YEAR: 1999
DIRECTOR: John McTiernan
KEY ACTORS: Pierce Brosnan, Rene Russo
CERTIFICATE: 15
IMDB SCORE: 6.8/10
ROTTEN TOMATOES SCORE: 70%
SEX SCORE: 4/5
✔️ Fuckable cast – Brosnan is at his hottest and Russo is literally on fire
✔️ Sex positive themes – borderline case as Denis Leary’s sex negative ‘And you don’t care what that makes you?’ cop isn’t shouted down as much as I’d like, but they relish sex and pleasure so much that it has to pass
✔️ Definitely a source of fantasy material – I even wanted to fuck on marble stairs because of this film
✔️ Endlessly rewatchable
❌ Fails the Bechdel test – the only two named female characters don’t say a word to each other, despite sharing scenes. Shame.
As always, this contains spoilers so watch the film before you read on…
STREAMING: Netflix, YouTube (from £7.99), Amazon Prime (to rent £3.49 or buy £4.99), iTunes (buy £8.99)
The remake of The Thomas Crown Affair came out in 1999 when I was fourteen. Some teenagers do discover their sexuality at a very young age but I was not that teenager. I was sixteen when I had my first kiss, eighteen when I had sex and nearly thirty before I had sex that I consistently enjoyed. A friend once described me as ‘a bookish strawberry blonde who liked chemistry, sailing and Alistair MacLean novels,’ which paints an uncannily accurate image of who I was!

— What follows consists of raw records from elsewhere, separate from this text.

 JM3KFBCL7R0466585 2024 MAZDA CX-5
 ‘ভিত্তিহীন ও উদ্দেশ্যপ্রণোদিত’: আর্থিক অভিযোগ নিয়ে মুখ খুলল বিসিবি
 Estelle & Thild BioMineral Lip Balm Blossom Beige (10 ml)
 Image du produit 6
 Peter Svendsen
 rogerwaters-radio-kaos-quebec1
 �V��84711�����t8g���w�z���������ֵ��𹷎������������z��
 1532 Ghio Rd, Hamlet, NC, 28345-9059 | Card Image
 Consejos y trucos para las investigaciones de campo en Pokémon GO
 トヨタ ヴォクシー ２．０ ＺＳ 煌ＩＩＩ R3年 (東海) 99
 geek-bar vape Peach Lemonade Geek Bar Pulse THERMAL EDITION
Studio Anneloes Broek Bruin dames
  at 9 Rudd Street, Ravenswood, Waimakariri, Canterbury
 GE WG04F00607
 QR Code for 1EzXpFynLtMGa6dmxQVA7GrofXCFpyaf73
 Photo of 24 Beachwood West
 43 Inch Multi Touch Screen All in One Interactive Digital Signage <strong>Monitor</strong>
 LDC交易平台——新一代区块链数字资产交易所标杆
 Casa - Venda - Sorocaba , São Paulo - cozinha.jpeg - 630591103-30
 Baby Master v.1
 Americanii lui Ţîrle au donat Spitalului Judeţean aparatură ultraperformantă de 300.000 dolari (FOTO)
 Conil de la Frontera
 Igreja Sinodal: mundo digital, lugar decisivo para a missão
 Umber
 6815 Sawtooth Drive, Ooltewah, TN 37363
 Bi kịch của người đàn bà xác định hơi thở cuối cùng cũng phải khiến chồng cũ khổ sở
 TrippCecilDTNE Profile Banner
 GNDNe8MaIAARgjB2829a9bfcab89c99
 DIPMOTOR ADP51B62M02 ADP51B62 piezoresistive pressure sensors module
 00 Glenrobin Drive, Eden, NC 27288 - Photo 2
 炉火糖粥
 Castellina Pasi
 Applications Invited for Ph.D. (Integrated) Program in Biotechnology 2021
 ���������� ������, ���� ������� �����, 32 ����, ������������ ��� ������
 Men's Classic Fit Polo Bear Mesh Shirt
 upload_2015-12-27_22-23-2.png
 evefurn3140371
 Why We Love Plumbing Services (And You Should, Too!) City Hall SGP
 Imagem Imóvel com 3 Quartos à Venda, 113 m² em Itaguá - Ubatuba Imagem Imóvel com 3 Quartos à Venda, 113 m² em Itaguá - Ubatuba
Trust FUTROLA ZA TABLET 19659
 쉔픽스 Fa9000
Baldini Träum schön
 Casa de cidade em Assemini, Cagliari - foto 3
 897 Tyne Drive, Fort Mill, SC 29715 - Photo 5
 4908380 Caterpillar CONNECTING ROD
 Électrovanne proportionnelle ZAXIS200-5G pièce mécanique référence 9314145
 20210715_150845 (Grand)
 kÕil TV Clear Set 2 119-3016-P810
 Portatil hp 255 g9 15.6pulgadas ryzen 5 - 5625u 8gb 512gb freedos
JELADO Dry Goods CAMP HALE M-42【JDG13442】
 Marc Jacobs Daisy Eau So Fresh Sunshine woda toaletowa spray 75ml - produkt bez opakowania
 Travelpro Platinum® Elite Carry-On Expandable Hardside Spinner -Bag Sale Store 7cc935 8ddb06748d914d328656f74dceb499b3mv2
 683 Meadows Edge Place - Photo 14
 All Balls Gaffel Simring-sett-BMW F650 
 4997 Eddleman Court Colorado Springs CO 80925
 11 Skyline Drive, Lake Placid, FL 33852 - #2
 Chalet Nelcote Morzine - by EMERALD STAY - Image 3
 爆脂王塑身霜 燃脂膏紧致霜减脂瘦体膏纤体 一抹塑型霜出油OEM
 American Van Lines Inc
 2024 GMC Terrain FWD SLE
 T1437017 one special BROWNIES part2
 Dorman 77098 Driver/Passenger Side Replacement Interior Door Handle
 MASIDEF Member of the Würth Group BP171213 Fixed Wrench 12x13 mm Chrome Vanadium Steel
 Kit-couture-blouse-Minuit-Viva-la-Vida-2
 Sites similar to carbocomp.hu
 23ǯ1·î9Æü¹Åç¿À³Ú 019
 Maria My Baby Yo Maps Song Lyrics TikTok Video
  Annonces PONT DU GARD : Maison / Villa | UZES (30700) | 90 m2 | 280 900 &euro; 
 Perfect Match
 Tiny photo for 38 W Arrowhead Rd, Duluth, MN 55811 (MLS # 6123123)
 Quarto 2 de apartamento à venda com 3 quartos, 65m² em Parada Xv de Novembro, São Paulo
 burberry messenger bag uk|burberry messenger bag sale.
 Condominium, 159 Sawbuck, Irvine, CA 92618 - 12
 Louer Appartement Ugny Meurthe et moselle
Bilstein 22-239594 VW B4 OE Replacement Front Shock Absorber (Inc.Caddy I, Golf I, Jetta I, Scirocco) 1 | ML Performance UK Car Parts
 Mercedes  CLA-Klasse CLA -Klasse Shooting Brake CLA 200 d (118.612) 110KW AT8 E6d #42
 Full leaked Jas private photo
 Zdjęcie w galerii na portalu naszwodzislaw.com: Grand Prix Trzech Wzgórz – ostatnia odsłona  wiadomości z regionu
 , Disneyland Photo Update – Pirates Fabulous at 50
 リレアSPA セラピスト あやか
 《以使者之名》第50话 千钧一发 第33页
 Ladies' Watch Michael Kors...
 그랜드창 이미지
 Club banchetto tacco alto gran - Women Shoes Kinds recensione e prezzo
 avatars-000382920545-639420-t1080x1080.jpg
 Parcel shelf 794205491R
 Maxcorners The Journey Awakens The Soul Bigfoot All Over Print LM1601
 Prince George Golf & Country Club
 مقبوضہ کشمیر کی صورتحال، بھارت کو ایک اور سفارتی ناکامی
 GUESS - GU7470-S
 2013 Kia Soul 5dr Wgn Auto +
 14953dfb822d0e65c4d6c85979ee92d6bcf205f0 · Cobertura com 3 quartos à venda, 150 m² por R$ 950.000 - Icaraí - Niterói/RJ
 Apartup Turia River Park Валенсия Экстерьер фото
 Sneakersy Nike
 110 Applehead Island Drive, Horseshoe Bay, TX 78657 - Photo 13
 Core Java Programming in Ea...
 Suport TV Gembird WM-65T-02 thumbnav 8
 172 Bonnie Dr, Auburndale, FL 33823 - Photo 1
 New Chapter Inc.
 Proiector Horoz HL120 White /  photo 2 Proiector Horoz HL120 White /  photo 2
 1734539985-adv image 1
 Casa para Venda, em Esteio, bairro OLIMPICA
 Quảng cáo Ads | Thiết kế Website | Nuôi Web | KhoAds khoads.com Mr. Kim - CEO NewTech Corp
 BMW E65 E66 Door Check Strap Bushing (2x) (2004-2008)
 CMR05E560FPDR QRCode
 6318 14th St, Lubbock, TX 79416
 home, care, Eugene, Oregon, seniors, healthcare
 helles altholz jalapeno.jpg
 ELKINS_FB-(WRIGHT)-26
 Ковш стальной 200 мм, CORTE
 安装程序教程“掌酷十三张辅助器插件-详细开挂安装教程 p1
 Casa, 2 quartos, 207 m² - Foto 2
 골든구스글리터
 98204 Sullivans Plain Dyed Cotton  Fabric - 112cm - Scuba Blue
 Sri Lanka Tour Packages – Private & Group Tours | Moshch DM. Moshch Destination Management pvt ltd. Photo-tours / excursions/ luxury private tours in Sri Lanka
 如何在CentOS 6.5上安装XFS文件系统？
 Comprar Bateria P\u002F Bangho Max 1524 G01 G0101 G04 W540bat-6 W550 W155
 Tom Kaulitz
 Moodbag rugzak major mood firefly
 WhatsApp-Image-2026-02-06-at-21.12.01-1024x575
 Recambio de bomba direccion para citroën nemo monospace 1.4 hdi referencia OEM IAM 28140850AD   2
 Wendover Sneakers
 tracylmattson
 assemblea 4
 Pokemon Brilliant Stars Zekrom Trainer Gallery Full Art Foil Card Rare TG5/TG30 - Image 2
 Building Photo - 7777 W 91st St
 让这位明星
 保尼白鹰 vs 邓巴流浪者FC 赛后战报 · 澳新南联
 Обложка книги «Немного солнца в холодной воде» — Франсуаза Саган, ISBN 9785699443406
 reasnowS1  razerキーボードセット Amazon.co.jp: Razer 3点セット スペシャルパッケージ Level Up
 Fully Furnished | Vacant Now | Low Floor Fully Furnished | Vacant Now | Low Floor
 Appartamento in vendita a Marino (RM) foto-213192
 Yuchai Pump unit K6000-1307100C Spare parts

I also loved James Bond. I loved James Bond with such a nerdy passion that it could easily have been my Mastermind specialist subject as I knew All The Facts. I had, however, never seen a Bond film at the cinema. Despite being technically old enough to see 12-rated Tomorrow Never Dies in 1997, my parents still felt I was too young and wouldn’t take me so I was literally gagging for the release of The World Is Not Enough in November 1999.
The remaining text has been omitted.